Stored items

--- START ---

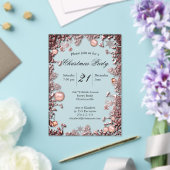 Festive Pink Celebration Baubles Christmas Party Acryl Uitnodigingen (Insitu (Huwelijk))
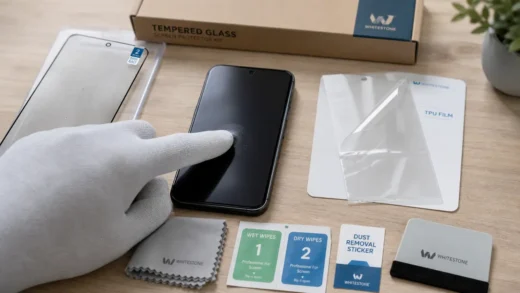 poser protection ecran propre, verre trempé et film TPU sans bulles ni poussière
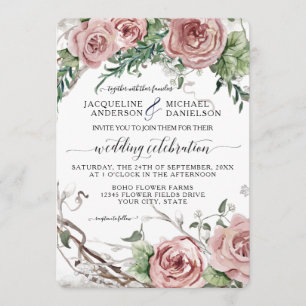 Invitation Mariage de germe rustique rose rose rose de BOHO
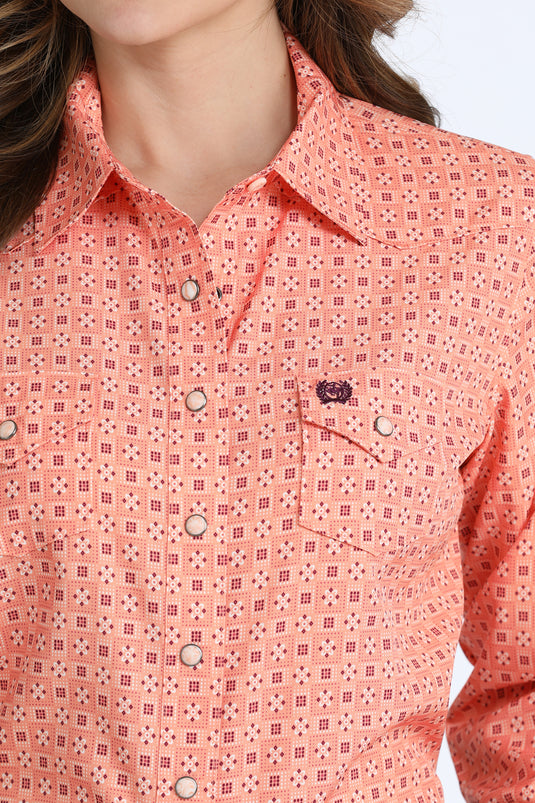 Cinch Womens Long Sleeve ARENAFLEX Marble Snap Print Shirt - Corral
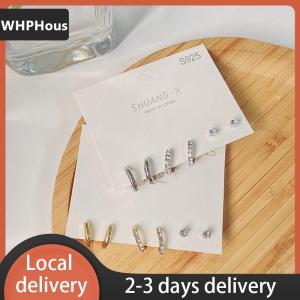 [COD] WHPHous Ship within 24 hours 1 Set New Fashion Metal Circle Drop Small Earrings For Women Trend Pendant Earrings Set Jewelry Gifts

--- END ---

Task to complete
All of the lines above should be retyped precisely, apart from the pictures.

Your solution
 Festive Pink Celebration Baubles Christmas Party Acryl Uitnodigingen (Insitu (Huwelijk))
 poser protection ecran propre, verre trempé et film TPU sans bulles ni poussière
 Invitation Mariage de germe rustique rose rose rose de BOHO
 Cinch Womens Long Sleeve ARENAFLEX Marble Snap Print Shirt - Corral
 [COD] WHPHous Ship within 24 hours 1 Set New Fashion Metal Circle Drop Small Earrings For Women Trend Pendant Earrings Set Jewelry Gifts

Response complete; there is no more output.